TASK DETAILS —
Apart from the images, output the data below exactly.

*** EXERCISE DATA Section Begins ***

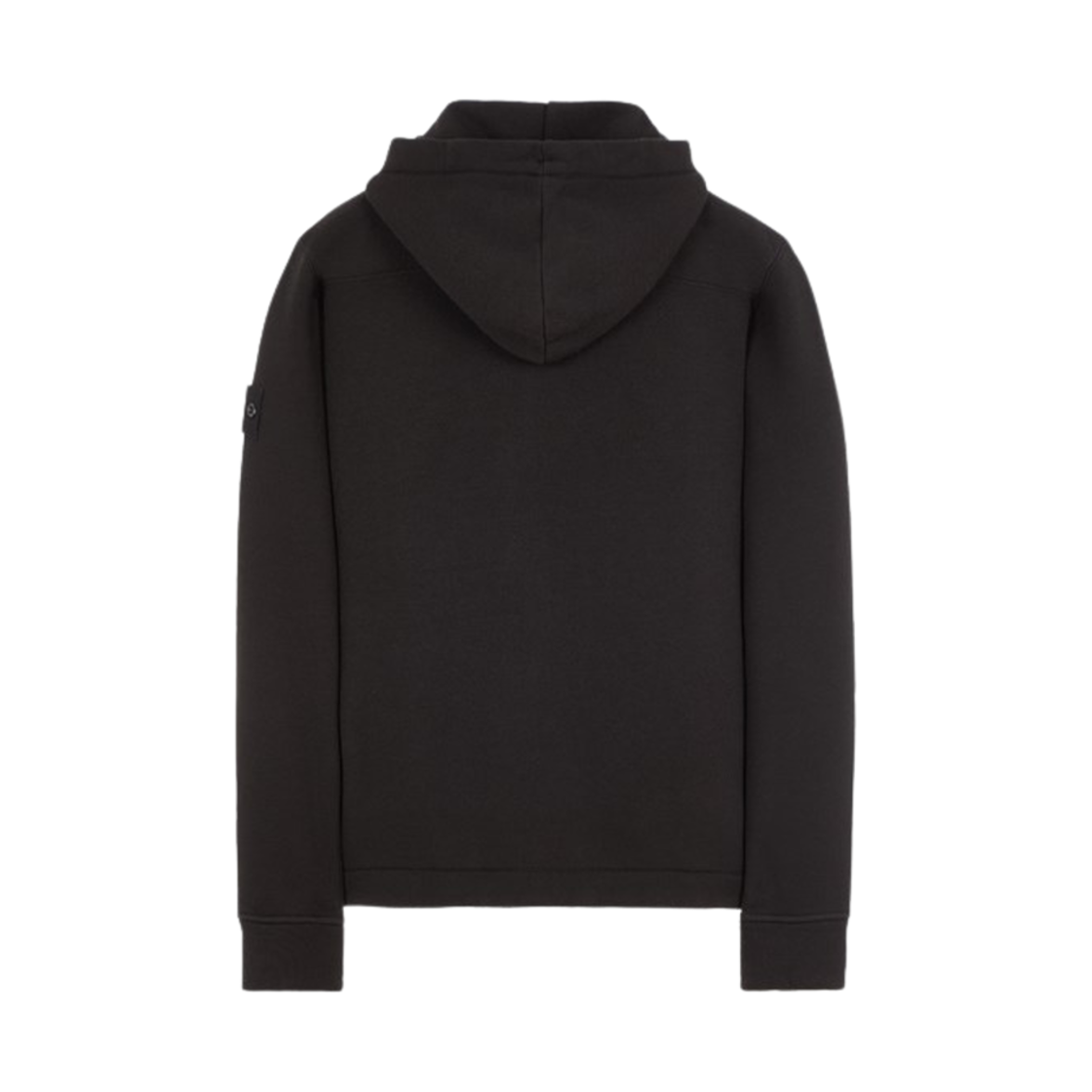 스톤 아일랜드 632F3 고스트 피스 풀 집업 후드 스웨트셔츠 블랙 - 23FW(Stone Island 632F3 Ghost Piece Full Zip Hooded Sweatshirt Black - 23FW) - 2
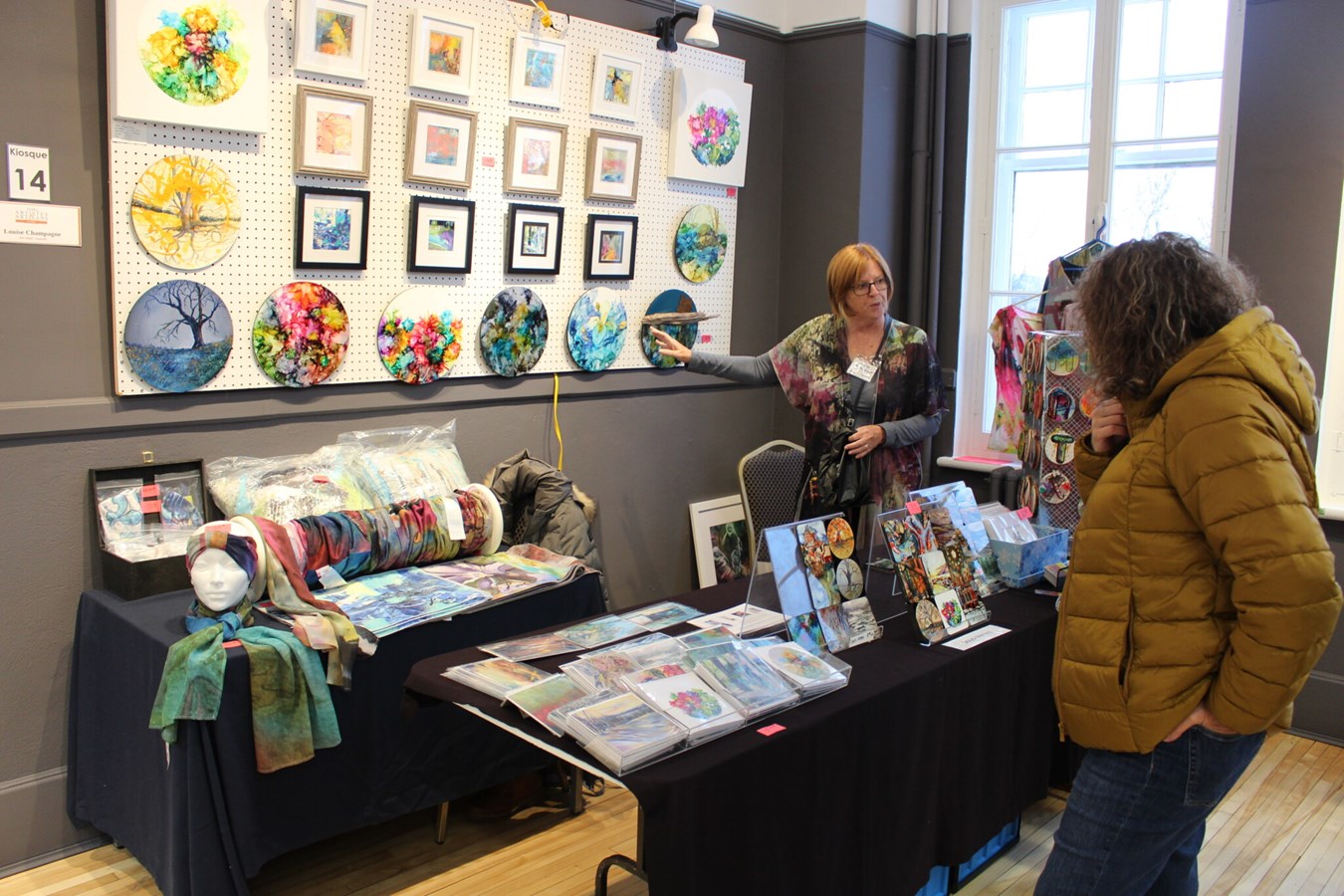 Plus de 2 000 visiteurs au 36e Salon des Artistes et Artisans de Beauce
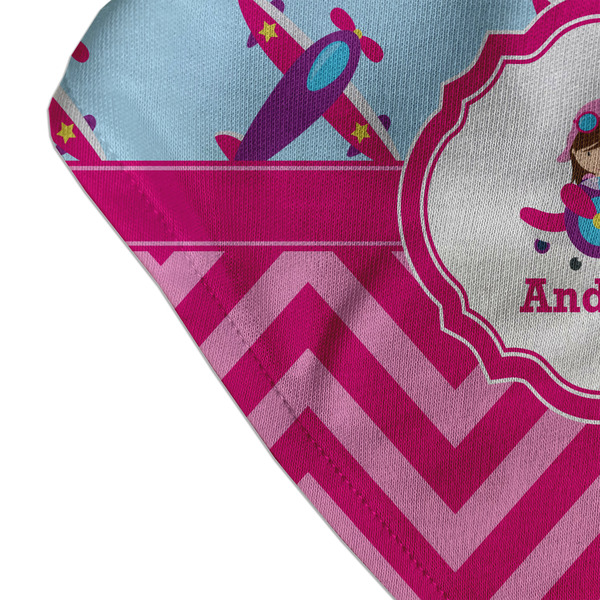 Airplane Theme - for Girls Bandana Detail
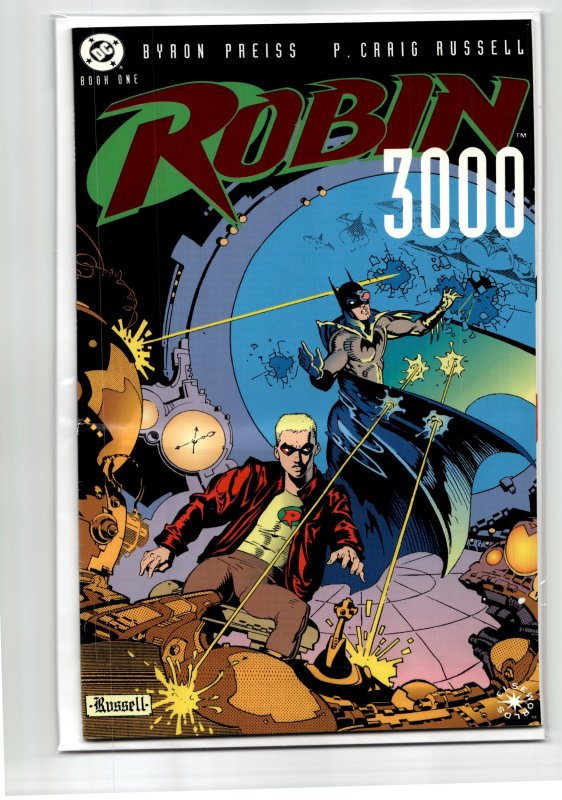 Robin 3000 #1 (1992), raw, ungraded comic book — front cover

*** EXERCISE DATA Section Ends ***

REPLY —
 스톤 아일랜드 632F3 고스트 피스 풀 집업 후드 스웨트셔츠 블랙 - 23FW(Stone Island 632F3 Ghost Piece Full Zip Hooded Sweatshirt Black - 23FW) - 2
 Plus de 2 000 visiteurs au 36e Salon des Artistes et Artisans de Beauce
 Airplane Theme - for Girls Bandana Detail
 Robin 3000 #1 (1992), raw, ungraded comic book — front cover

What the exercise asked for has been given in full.